- [Problem statement]:
Everything from the line with "Zapato Hombre EDMONTON 1627 - Art Company" to the end of the entries should be set down exactly, except the pictures.

- [Source data]:

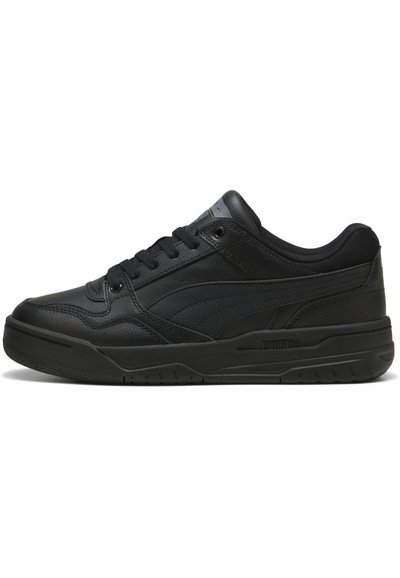 Puma REBOUND RETRO SNEAKERS Unisex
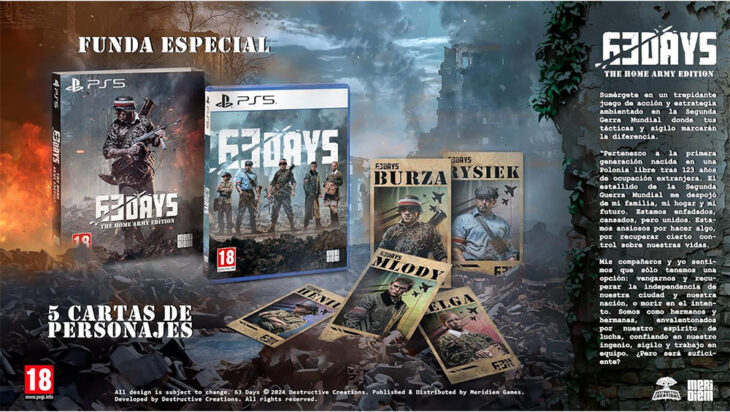 Playstation 4 Vorbetellungen 20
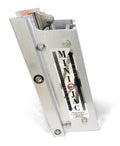 MINI NARROW CLAMP
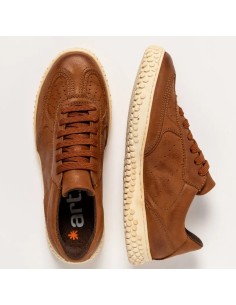 Zapato Hombre EDMONTON 1627 - Art Company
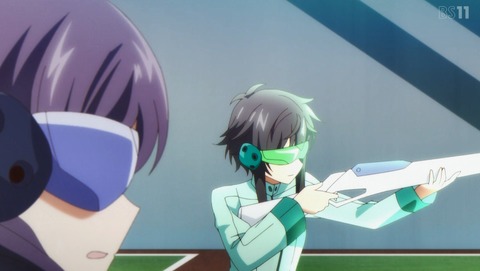 ANCB001272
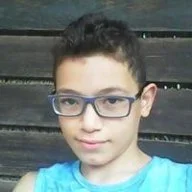 Adam4HD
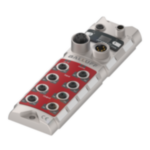 CC-Link 用ネットワークモジュール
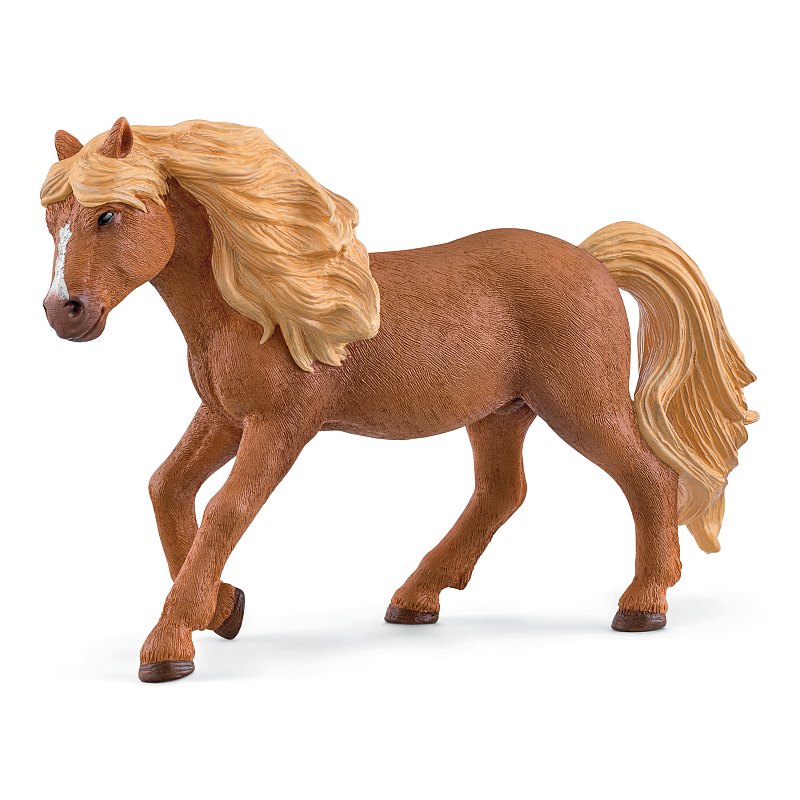 schleich HORSE CLUB 13943 Kinderspielzeugfigur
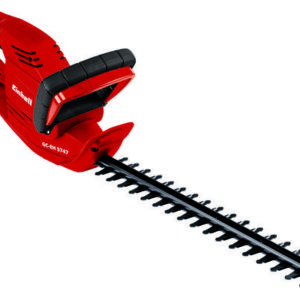 trimer za zivu ogradu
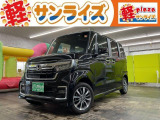 青森県八戸市にあります軽 届出済 未使用車専門店 軽プラザサンライズです!オールメーカーの軽自動車が選び放題!軽 専門店ならではの充実のラインナップの中からお気に入りの1台がきっと見つかります!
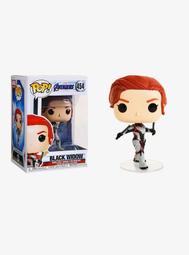 絕版現貨 Acura NSX Roadster "Avengers" 復仇者聯盟 TSM 1/43 歷史價格詳細信息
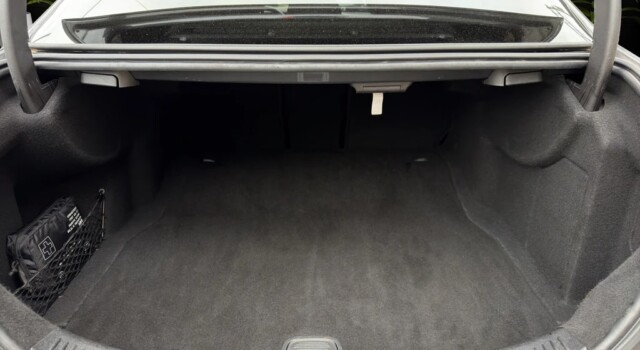 MERCEDES-BENZ E 43 AMG 4Matic 9G-Tronic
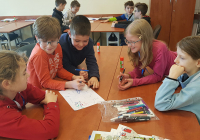 mgr-Natalia-Walkowiak-14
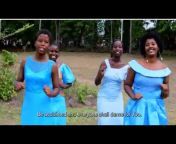 Chorale Ninahazimana De Gatumba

- [Result of this exercise]:
 Zapato Hombre EDMONTON 1627 - Art Company
 ANCB001272
 Adam4HD
 CC-Link 用ネットワークモジュール
 schleich HORSE CLUB 13943 Kinderspielzeugfigur
 trimer za zivu ogradu
 青森県八戸市にあります軽 届出済 未使用車専門店 軽プラザサンライズです!オールメーカーの軽自動車が選び放題!軽 専門店ならではの充実のラインナップの中からお気に入りの1台がきっと見つかります!
 絕版現貨 Acura NSX Roadster "Avengers" 復仇者聯盟 TSM 1/43 歷史價格詳細信息
 MERCEDES-BENZ E 43 AMG 4Matic 9G-Tronic
 mgr-Natalia-Walkowiak-14
 Chorale Ninahazimana De Gatumba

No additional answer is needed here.